Hager will die Strukturen in der ARD aber auch ohne dezidierte Geschäftsführung ändern. Er sagt: "Wir werden uns programmfern so aufstellen, dass nicht mehr jeder alles machen muss. Der Reformstaatsvertrag sieht ein Federführungsprinzip in den Bereichen Verwaltung und Technik vor. Das zeigt, dass es in diese Richtung auch ohne klare Geschäftsführung gehen kann." Dennoch hätte eine Geschäftsführung dabei geholfen, "das stringenter aufzustellen". Man werde verschiedene Ansätze erarbeiten und daraus definitorische Regelungen ableiten. Schnell wird das aber wohl eher nicht gehen. "Das wird ein paar Jahre dauern, das ist auch der Medienpolitik bewusst", sagt Hager. 

Der ARD-Vorsitzende spricht im "epd medien"-Interview dann auch über die vermeintlichen Schattenseiten des Umbaus - solche, die auch der Politik oftmals nicht gefallen. "Wir müssen die Organisation umbauen und zugleich einsparen.
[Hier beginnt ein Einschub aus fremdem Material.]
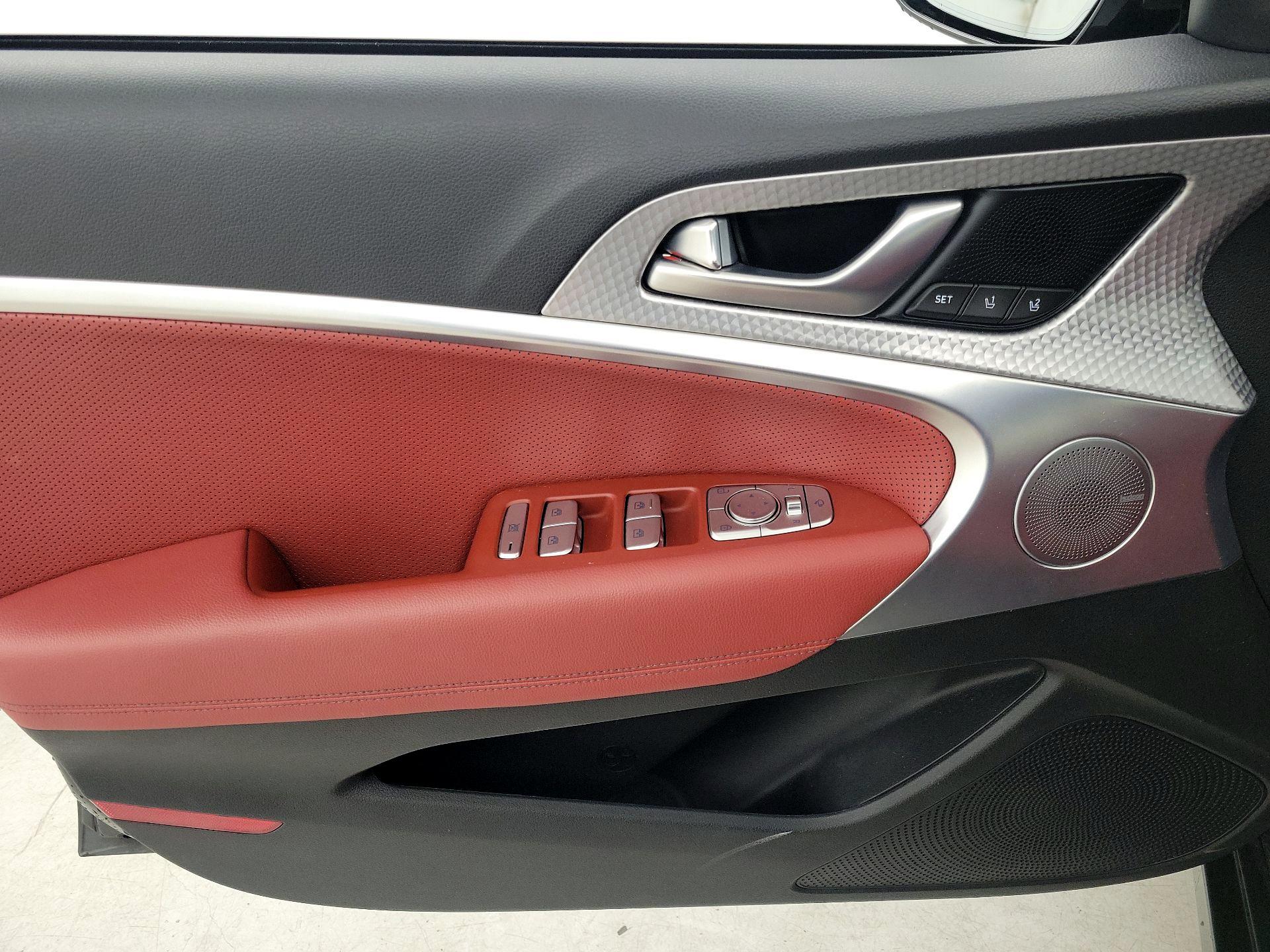 Thumbnail: 2023 Genesis G70 - 12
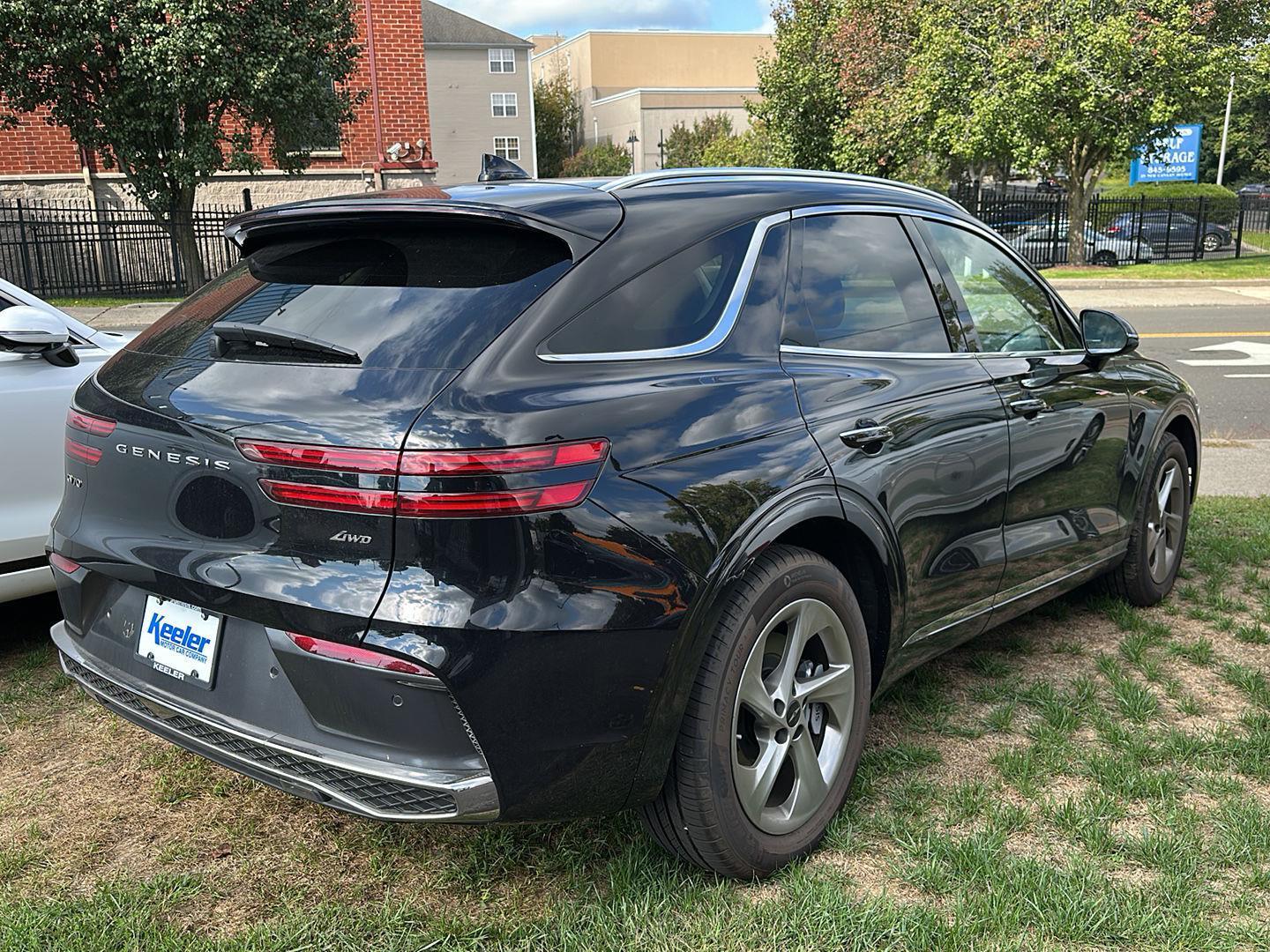 2026 Genesis GV70 2.5T Select photo 3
Und da geht es am Ende um Personaleinsparungen." Das Prinzip "Einer für alle" heiße aber auch, dass an einer Stelle Personal gebündelt werde, um es an anderen Stelle abzubauen. "So offen spricht das niemand in der Politik aus. Auch dass das arbeits- und tarifrechtlich aktuell faktisch unmöglich und politisch auch nicht immer gewünscht ist - es geht ja dann auch um Arbeitsplätze in den Regionen, lässt man gerne unerwähnt." 

Hager verteidigt dann auch noch einmal die von ARD und ZDF angestoßene Verfassungsklage gegen die Nicht-Erhöhung des Rundfunkbeitrags, obwohl das von der KEF empfohlen wurde. Auch zum Vorschlag der Politik, ARD und ZDF sollten einfach zwei Jahre lang auf vorhandene Rücklagen zurückgreifen, hat Hager eine Meinung. "Um bedarfsorientiert finanziert sein zu können, müsste es dann am Ende der Beitragsperiode einen riesigen Sprung beim Rundfunkbeitrag geben. Die Rücklagen führen dazu, dass unser Bedarf niedriger ist", sagt er. Hager betont, nicht davon auszugehen, dass der Bedarf "zwingend immer weiter nach oben gehen muss". Aber: "Um umzusteuern, brauchen wir deutlich länger, als die Medienpolitik das im Moment darstellt."

Als es um die im Reformstaatsvertrag vorgesehenen Veränderungen bei den Spartensendern geht, sagt Florian Hager, dass er diesen Teil des Papiers als "extrem rückwärtsgewandt" empfinde. "Dass wir uns 2025 noch über Sparten- und Digitalkanäle unterhalten, obwohl wir vor einer Medienrevolution mit KI stehen, das finde ich zumindest interessant." Im Reformstaatsvertrag stehe nirgendwo auch nur ein Satz zu dem, "was eigentlich unsere Aufgabe und Rolle in der Zukunft sein soll". Hager: "Für einen zukunftsweisenden Staatsvertrag hätte ich mehr erwartet, als zu sagen, wir streichen euch 16 Hörfunkprogramme und ihr sollt die Digitalkanäle neu ordnen." 

Dass im Reformstaatsvertrag festgehalten sei, dass 2033 alle Spartenkanäle digital sein müssen, bezeichnet Hager dagegen als "spannend". Das sei ein interessanter Auftrag. "Das beginnt beim Kika und geht bei Funk weiter. Wie stellen wir uns so auf, dass wir in einer digitalen Zukunft arbeitsteilig, aber mit klaren Verantwortungen unterwegs sind?" Dazu habe er bereits viele Gespräche geführt. Ankündigungen will der ARD-Vorsitzende aber noch keine machen. "Ich habe mir vorgenommen, Dinge zu kommunizieren, wenn sie erledigt sind."